» Your instructions:
From the records below, please print only the lines from the one containing "Hey everyone, welcome" through the one containing "To summarize: if", both included. Skip the pictures.

» Exercise inputs:
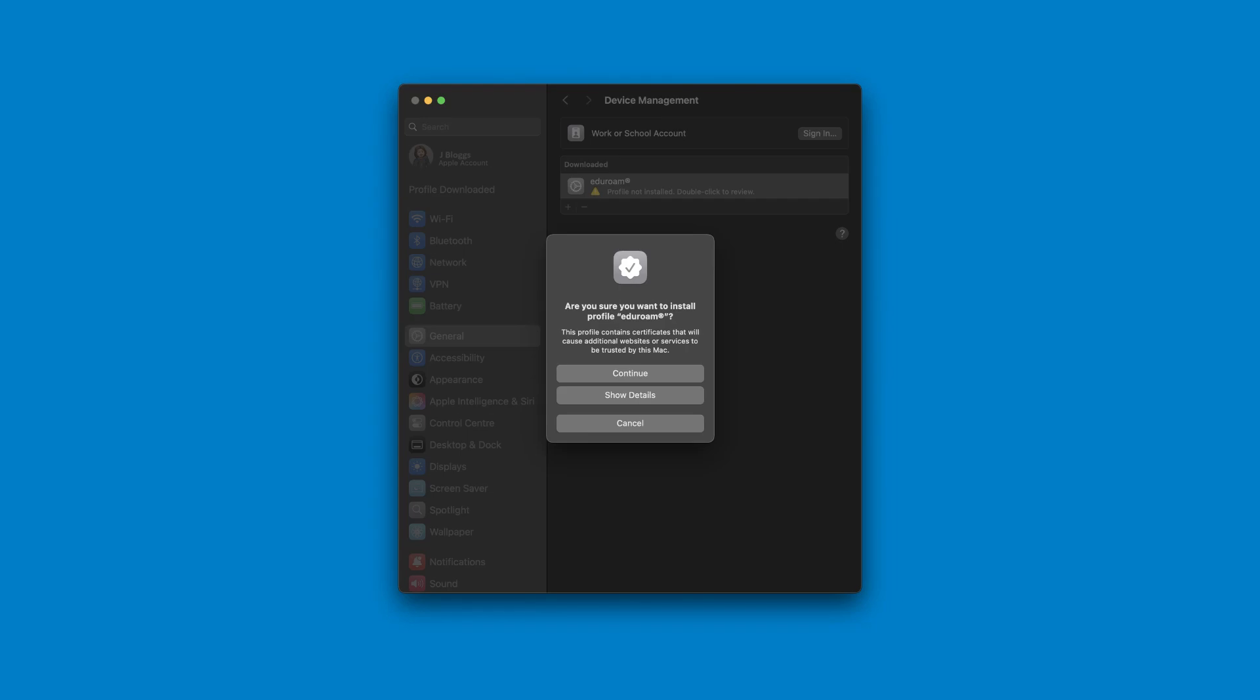Another popup will now appear asking you to confirm you want to install. Click continue.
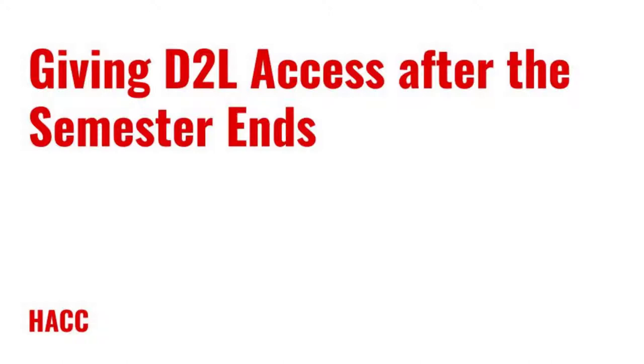This video will show you how to make your course and materials available after the semester ends for students that received an incomplete grade. This will allow them to see the content and finish assignments or quizzes.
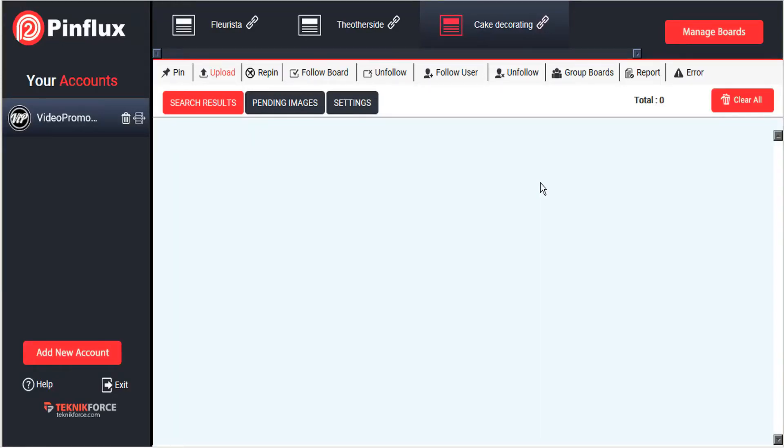Welcome to the PinFlux tutorial on group boards. Group boards are a very effective way of maximizing your exposure on Pinterest.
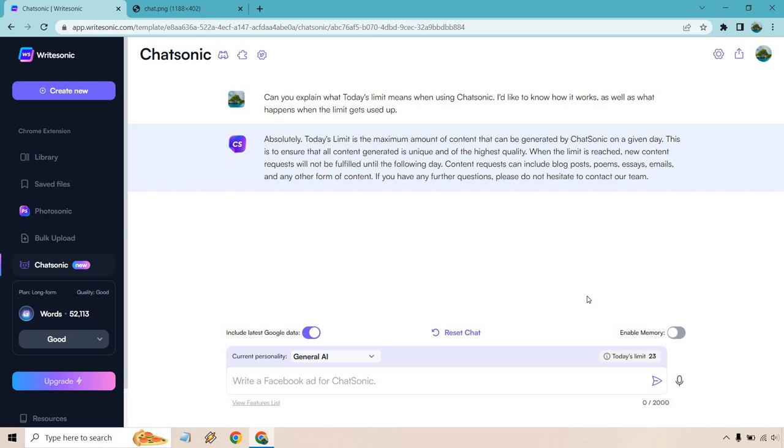So hope that explains it when it comes to the Chatsonic today's limit section. I know when I first got that I was like wait a minute, I have a paid plan, how come I can only do x amount? But that's not the case. So ironically enough it started off looking like it would be something that's kind of not a great feature, but it ends up being a great feature because you're just getting some free content before you tap into the amount of words that you use. That's always cool to know.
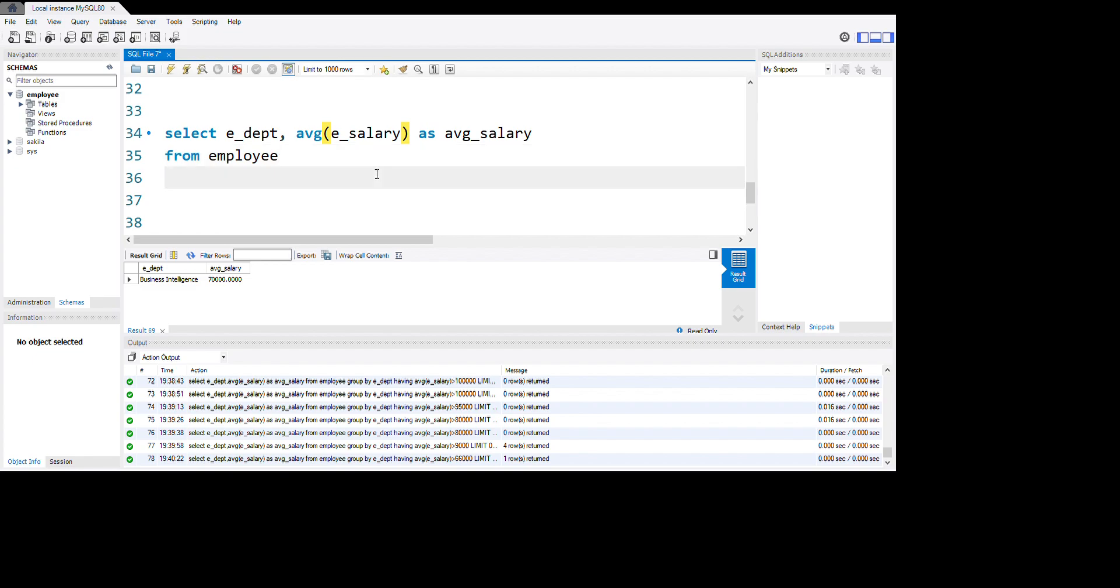Now we're using GROUP BY function, GROUP BY department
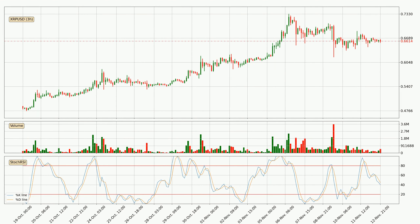Moving to the three hourly Stochastic RSI, the Stochastic RSI currently shows no overbought or oversold conditions, but the %K line is below the %D line, which means the current trend is on the downside.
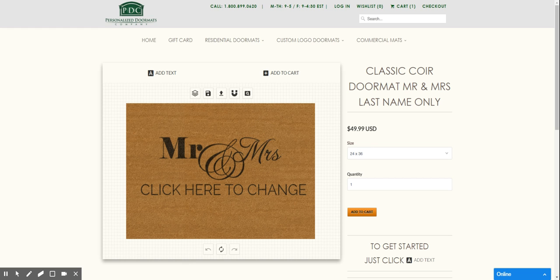Hi, welcome to the Personalized Doormats Company. I'm here with the Classic Coyer doormat line showing you all the different options we have available.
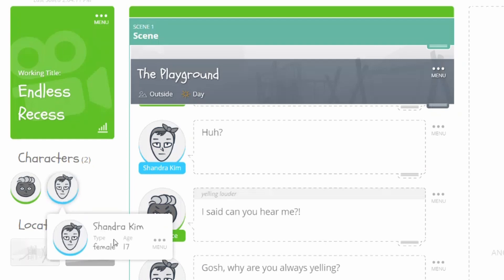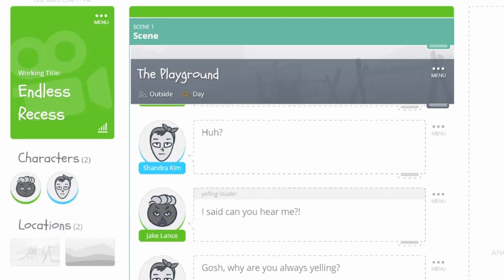Here, you'll find their name, character type, age, and a three-dot menu icon to edit character details.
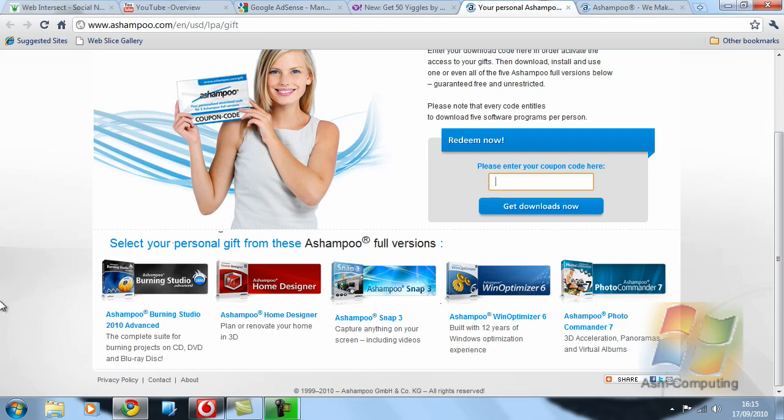So I hope this helps and I hope that you download them and enjoy them.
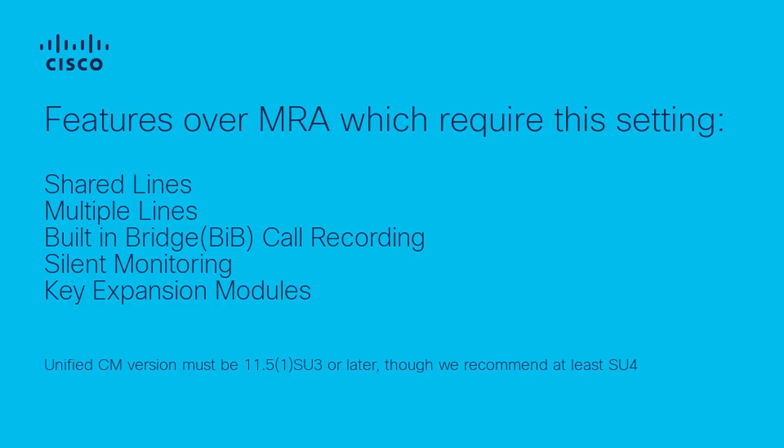This setting is required for some features over MRA, including shared lines, multiple lines, built-in bridge call recording, silent monitoring, and key expansion modules.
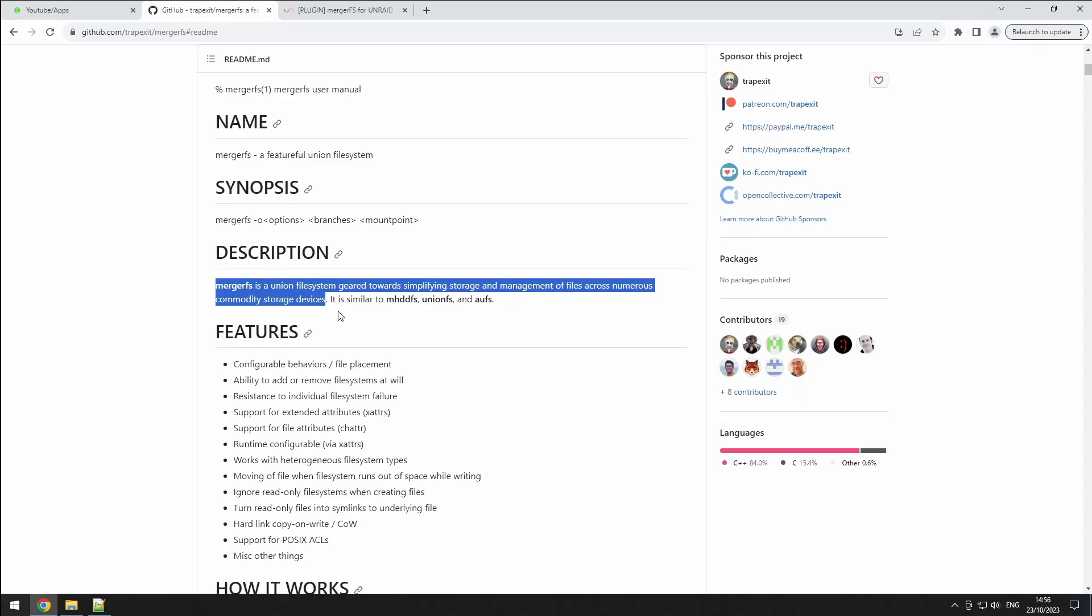Hey everyone, welcome back to the RiffSphere channel. In this video, we're going to guide you through installing and configuring MergerFS.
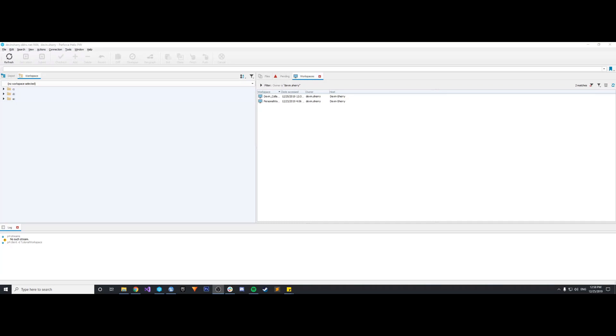Hey guys, welcome back to another video. In this one, we're going to do a step-by-step walkthrough on how to solve a problem that I ran into with using Perforce and Unreal Game Sync recently.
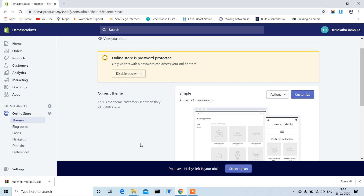Hi friends, this is Himalatha Jampula. In our previous video we discussed about the eGamas store — how to create an account, how to import a new theme, and how to install a theme in the store.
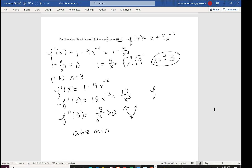To summarize: if the problem says absolute extrema with a closed interval, find the critical numbers, check if they're in the interval, plug them all into the original function along with the endpoints, and look for the highest and lowest values. If it's over an open interval or no domain is given, use the first derivative test or second derivative test — let the function help you decide which is easier. Don't make yourself do more work than you have to.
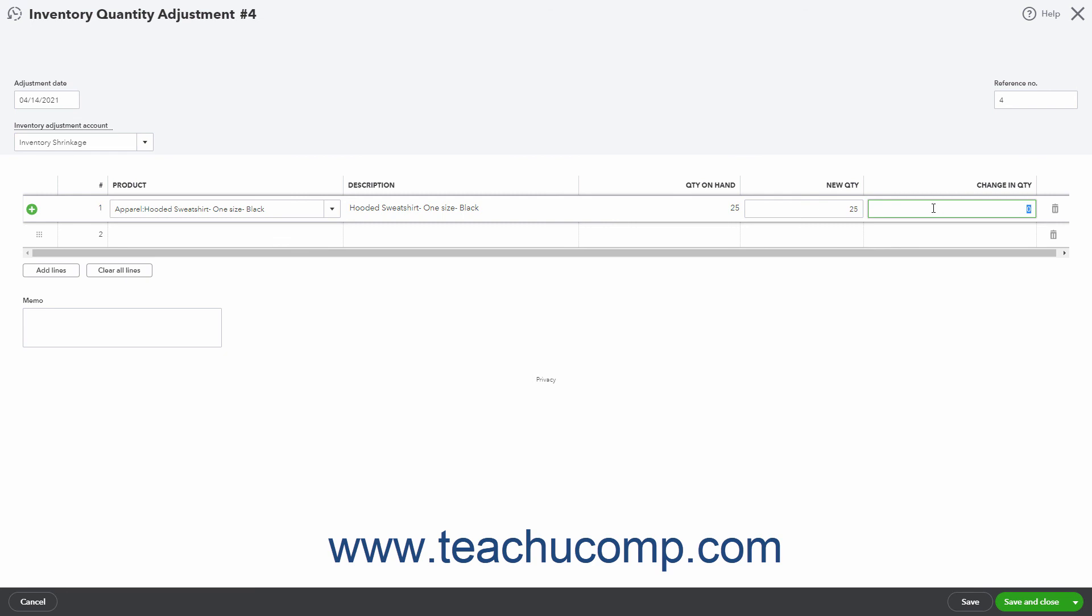If you use the Change in Quantity field to note a loss of items, enter the change as a negative number. However, also note that you only need to perform data entry within one of these fields as the other automatically recalculates based on the value you enter into the other.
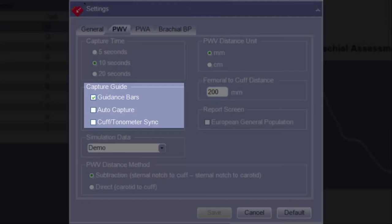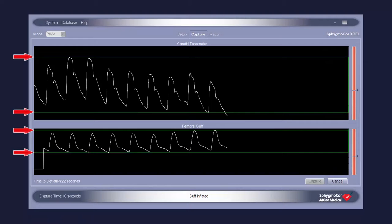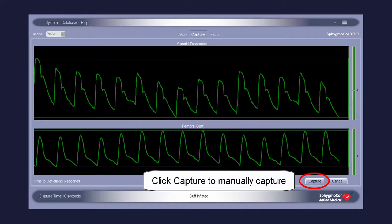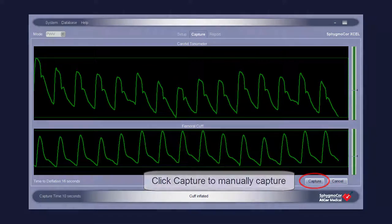Under Capture Guide, the Guidance Bars, Auto Capture, and Cuff Tonometer Sync options can all be disabled or enabled. Guidance Bars provide visual feedback on screen during data capture that inform the operator about the consistency of the waveforms. Auto Capture allows the software to automatically capture waveform data once waveforms of sufficient quality and duration are present. Even when Auto Capture is enabled, waveforms can still be manually captured.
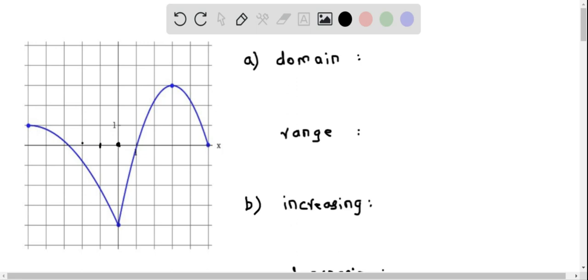Counting to the left: this is negative 1, negative 2, negative 3, negative 4, and negative 5. So this is the lowest value of x where the graph is defined. I write this down as negative 5 in square brackets, because at x equal to negative 5, we have a value of the function which is 1.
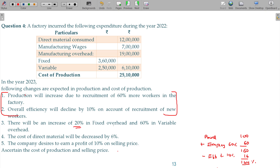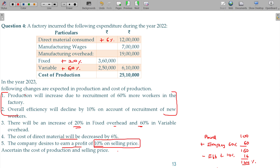There will be an increase of 20 percent on fixed overheads and 60 percent in variable cost. The cost of direct material will increase by 6 percent. The company decides to earn 10 percent profit on the selling price. We need to ascertain the cost of production and the selling price.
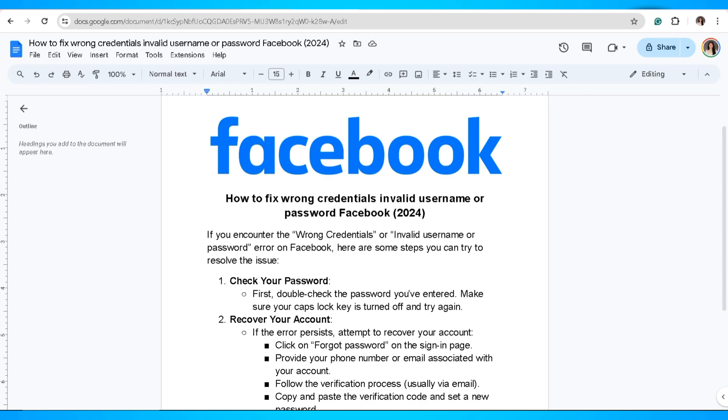To resolve the issue, the first thing you can do is check your password. Double-check the password you've entered, make sure your caps lock key is turned off, and try again.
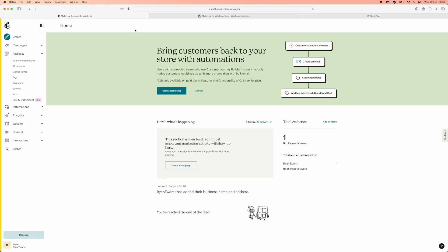Hey guys, welcome back to the channel. In today's video, I'm going to show you how you can import contacts on MailChimp.com.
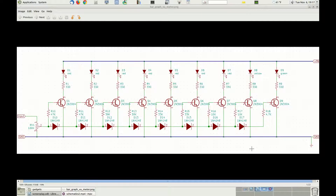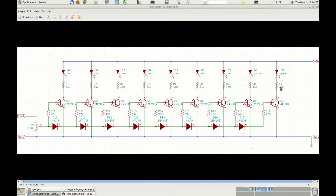At first glance we would be tempted to say that this is a complicated circuit with so many components. However, looking more deeply into it, you can soon realize that there is a lot of repetition. In fact, the basic element of the circuit is the one made with the components Q1, R1, R10, D1 and D10. This block of components then replicates several times to increase the number of LEDs used in the bar graph. In this particular case, the same circuit is replicated 8 more times for a total of 9 LEDs in the bar graph.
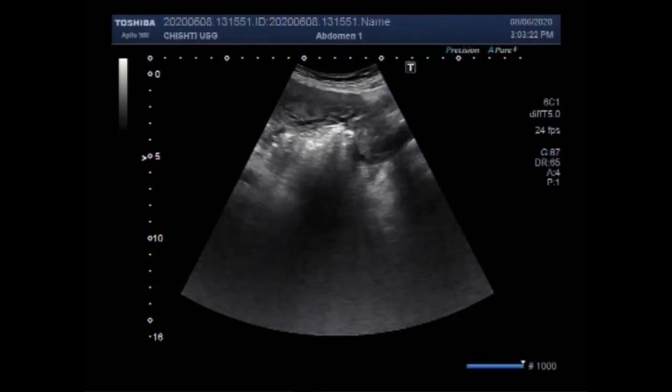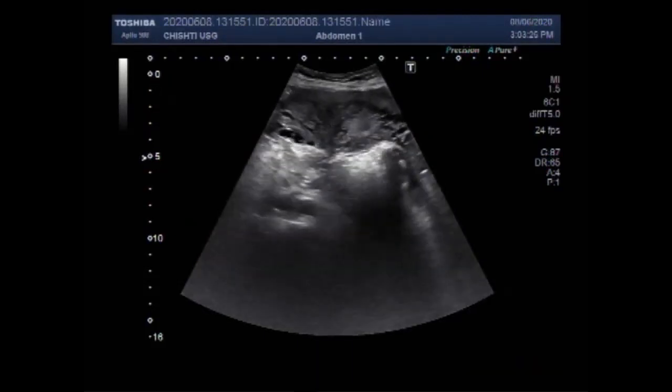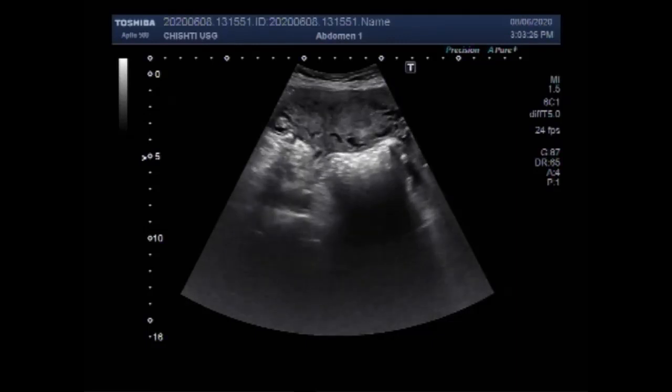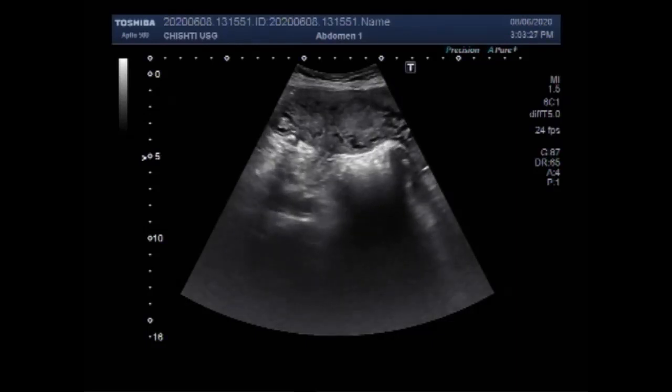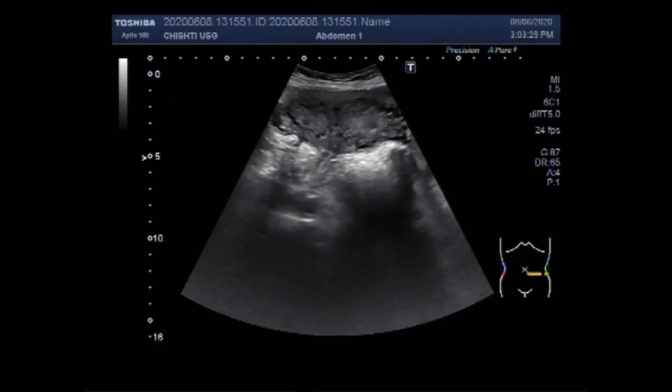Dear viewers, I hope you are all fine. This ultrasound video shows a large ovarian multiseptated cyst.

» Task response:
Hey everyone, welcome back to the RiffSphere channel. In this video, we're going to guide you through installing and configuring MergerFS.
Hey guys, welcome back to another video. In this one, we're going to do a step-by-step walkthrough on how to solve a problem that I ran into with using Perforce and Unreal Game Sync recently.
Hi friends, this is Himalatha Jampula. In our previous video we discussed about the eGamas store — how to create an account, how to import a new theme, and how to install a theme in the store.
To summarize: if the problem says absolute extrema with a closed interval, find the critical numbers, check if they're in the interval, plug them all into the original function along with the endpoints, and look for the highest and lowest values. If it's over an open interval or no domain is given, use the first derivative test or second derivative test — let the function help you decide which is easier. Don't make yourself do more work than you have to.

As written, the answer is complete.